Все выплаты по инвалидам, по потере кормильцев мы привязали к прожиточному минимуму, и теперь не надо новым министрам, которые пришли после меня, ходить и каждый раз вымаливать деньги. Социальный министр - это самый непопулярный и одинокий министр, если можно так сказать, потому что народ всегда будет недоволен, чтобы мы ни делали. Правительство будет недовольно, потому что мы только, так сказать, тратим деньги, ну и депутаты, конечно, всегда будут недовольны, так как естественно хотят, чтобы выплаты были больше. За это время мы провели через Парламент 36 законов, в последствии они были подписаны Н.А.Назарбаевым. Когда однажды руководство увидело наши пленарные заседания, оно было в шоке, ведь тогда Парламент был другой. Мое кредо заключается в том, что нельзя решать проблему в общем. Любая проблема состоит из маленьких деталей. Когда начинаешь работать с каждым индивидуумом, то картина совершенно другая складывается. Начинаешь выяснять, где реально нуждающиеся, а где «наросты», социальные иждивенцы, выторговывающие свои интересы.
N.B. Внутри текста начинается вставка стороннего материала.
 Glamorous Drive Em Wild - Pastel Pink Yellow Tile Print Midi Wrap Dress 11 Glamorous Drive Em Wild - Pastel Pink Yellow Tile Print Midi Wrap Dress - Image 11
Ведь грань между социальной защитой и социальным иждивенчеством очень тонка. Не успела я дойти до государственных инспекторов по труду, хотела тоже там реорганизацию сделать (но не успела). Шесть лет занималась пенсионной системой, шесть лет ставила систему стимулирования и поддержки материнства и детства, шесть лет занималась инвалидами, то есть занималась исконно социальной сферой. Когда я «просила» деньги у президента, он спрашивал, какие гарантии я могу дать, что у государства на все это денег хватит. Наши актуарные расчеты были до 2016-го года, но реформы надо было начинать тогда. И уже была сформирована программа реформы накопительной пенсионной системы. Пенсионные фонды меня не любили, потому что считала, если государство дает гарантии, налоговый комитет - собирает деньги, то, что они делают? Только используют эти деньги. Как? Остается вопросом. Что мы и имеем в результате.
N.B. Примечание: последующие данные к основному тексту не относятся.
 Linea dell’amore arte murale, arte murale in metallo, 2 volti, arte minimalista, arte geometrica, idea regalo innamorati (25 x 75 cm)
Арман Касенов: Тогда вы были против частных пенсионных фондов?

Г.К. В той форме, в которой они тогда существовали - да. У них не было и нет никакой ответственности за нас. Это самое страшное. Человек, который пользуется чужими благами безответственно и является юридическим лицом… надо быть святым, чтобы соблюсти эту ответственность.
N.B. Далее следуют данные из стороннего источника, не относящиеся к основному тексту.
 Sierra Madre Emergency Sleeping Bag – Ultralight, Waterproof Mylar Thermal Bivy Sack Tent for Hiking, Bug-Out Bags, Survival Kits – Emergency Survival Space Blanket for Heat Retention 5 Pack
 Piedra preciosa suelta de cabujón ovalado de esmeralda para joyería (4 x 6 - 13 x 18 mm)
Н: Есть министры-реформаторы, министры антикризисного менеджмента, есть даже министры-временщики. Бывают министры-камикадзе, как мы называем вашего коллегу Абденова. А каким министром были вы?

Г.К. Если вы говорите, что Абденов камикадзе, то я тогда шесть лет была камикадзе.

А. Ну, вы долго продержались. Вы министр-боец, получается?

Г.К. А министр соц.защиты и должен быть бойцом. На мне все время лежала очень большая ответственность. Меня президент взял из свободного поля, просто увидев несколько раз по телевизору. Я же никогда не участвовала в органах управления - комсомоле или коммунистической партии. Я была просто ученым, когда президент пригласил к себе помощником. И тогда на меня легла огромная ответственность. Вы знаете, все говорят, что я жесткая. Это я теперь стала жесткой, меня такой работа сделала. Если быть либералом, то ничего не получится. Когда вышла на государственную службу, я для себя решила, что не имею права подвести президента, страну, потому что если я подведу, то плохо будут жить мои дети и внуки. Потом они с меня спросят, что я там вообще делала. Придя после первых дней работы министром, я поняла, что это не должность министра, а это постоянный фронт, 24 часа в сутки.

А. Вот вы говорите «президент», а министр чьи интересы защищает? Президента или народа?

Г.К. И президента, и народа, потому что президент избран народом. Я считала себя министром социальной обороны. Министр соц. защиты решает на своем уровне проблемы так, чтобы они уже не мешали всем другим работать. Поэтому когда мне не давали деньги на бюджетной комиссии, я, бывало, спекулировала. Говорила «хорошо, тогда завтра я не выйду на телевидении». И народ спрашивал «где она?». Мне не стыдно за те шесть лет, я удовлетворена результатами того периода.

Н. Наверняка были какие-то дилеммы, сложности выбора. Где-то приходилось в компромисс вступать с самой собой?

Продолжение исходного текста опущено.